__Your instructions__
Word for word, restate the lines of the data below between those holding "GeoTech ZTM 107-200" and "(image for) D1083", inclusive; pictures do not belong in the copy.

__Exercise data__
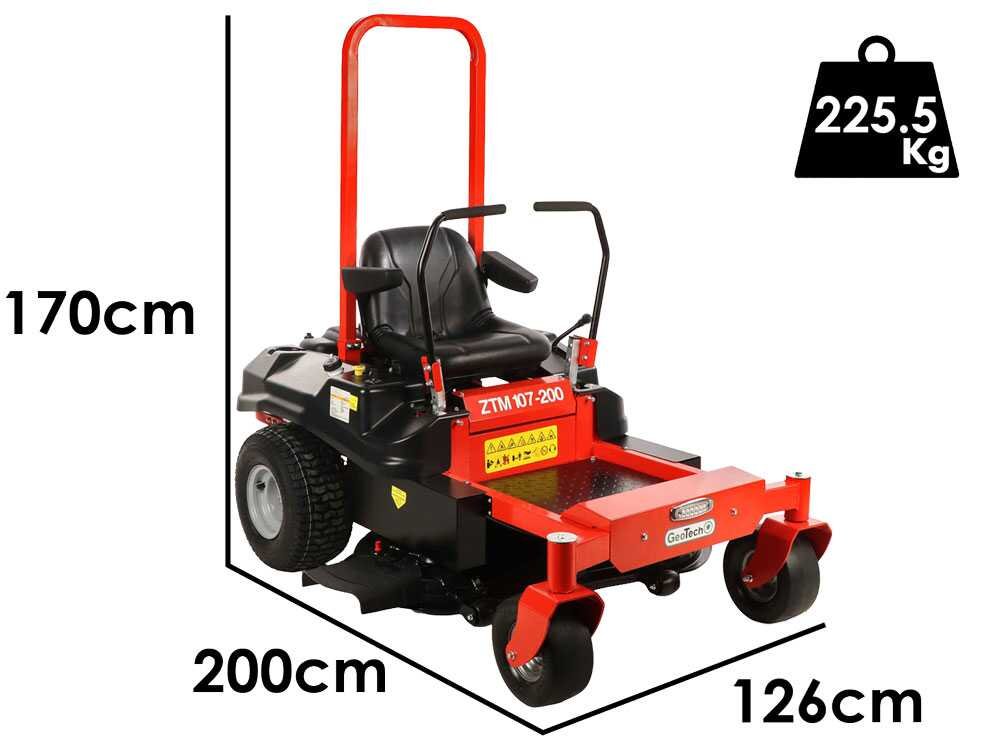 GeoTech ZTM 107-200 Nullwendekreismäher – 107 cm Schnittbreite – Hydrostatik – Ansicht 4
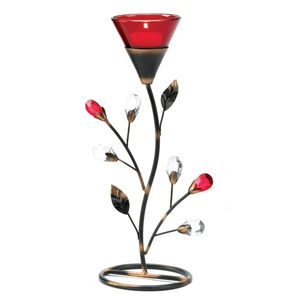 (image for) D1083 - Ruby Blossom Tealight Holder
* * *
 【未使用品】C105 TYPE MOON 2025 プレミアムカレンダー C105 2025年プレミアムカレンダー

__Written answer__
 GeoTech ZTM 107-200 Nullwendekreismäher – 107 cm Schnittbreite – Hydrostatik – Ansicht 4
 (image for) D1083 - Ruby Blossom Tealight Holder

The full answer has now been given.